WORK TO COMPLETE -> Please reproduce the listing in its entirety, exactly as written, but without images.

DATA ->
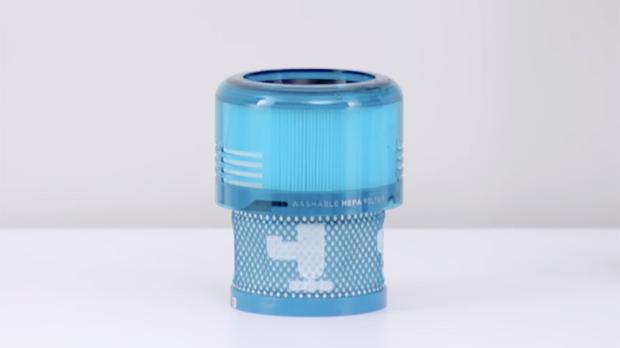 الفلتر بينما يتم وضعه في مكان جيد التهوية.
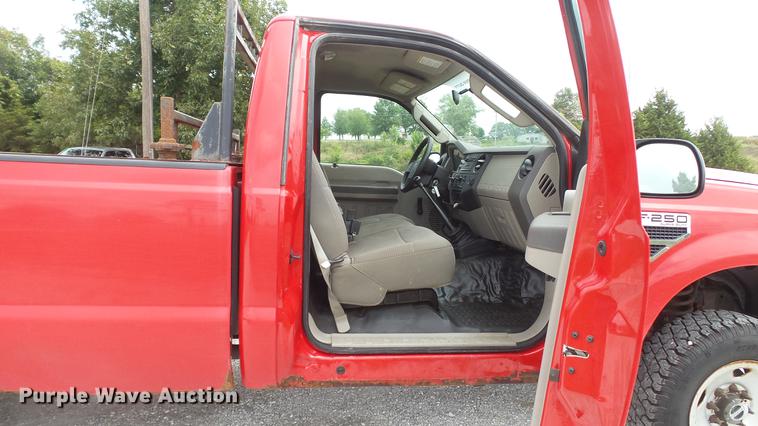 image for item DD7355 2008 Ford F250 Super Duty XL pickup truck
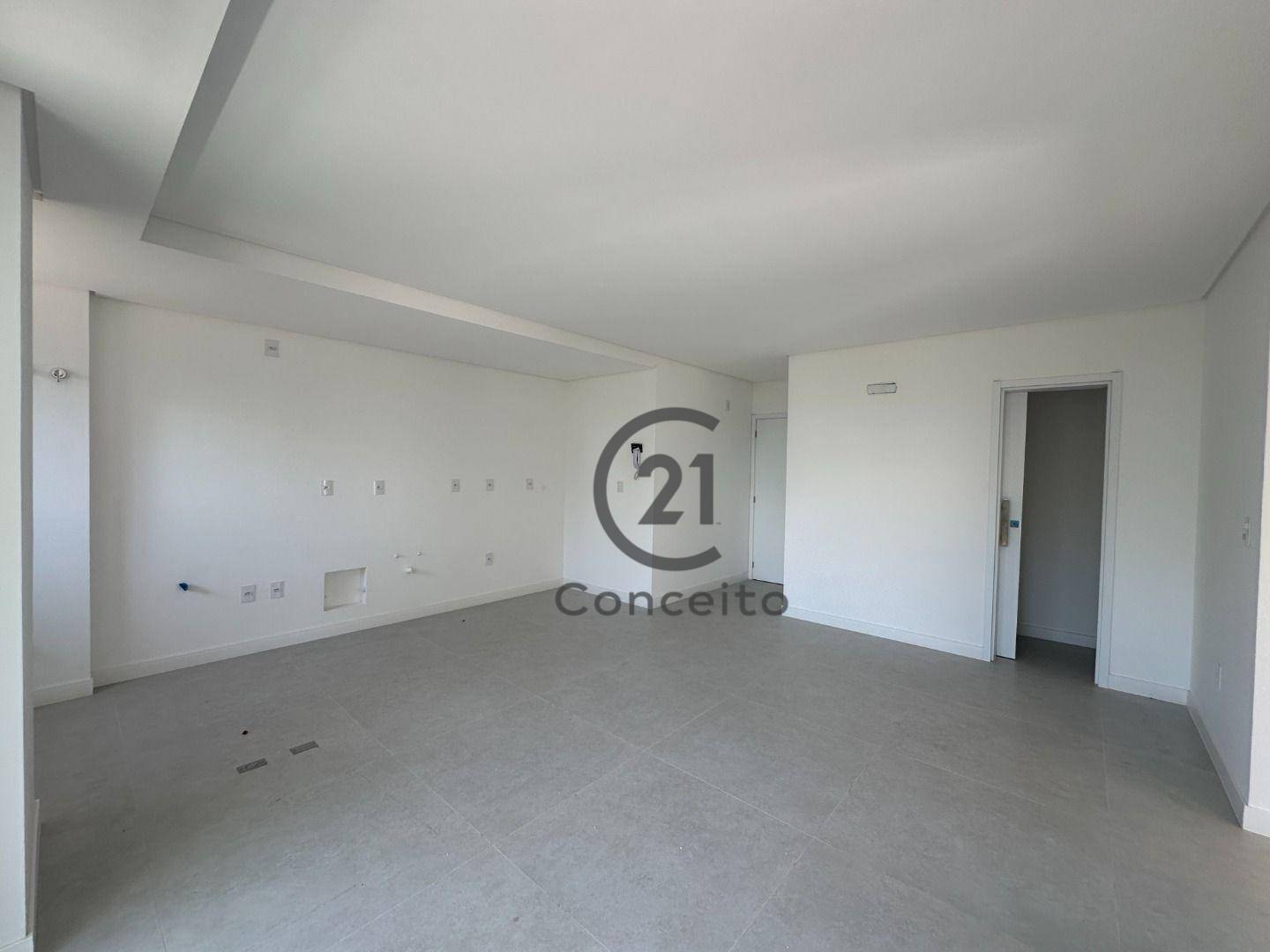 Apartamento à venda com 2 quartos, 77m² - Foto 3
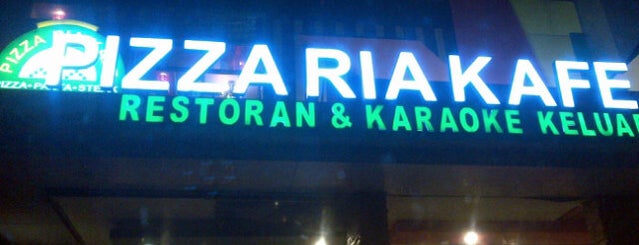 Pizza Ria Kafe is one of Posti che sono piaciuti a RizaL.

ANSWER FOR THE TASK ->
 الفلتر بينما يتم وضعه في مكان جيد التهوية.
 image for item DD7355 2008 Ford F250 Super Duty XL pickup truck
 Apartamento à venda com 2 quartos, 77m² - Foto 3
 Pizza Ria Kafe is one of Posti che sono piaciuti a RizaL.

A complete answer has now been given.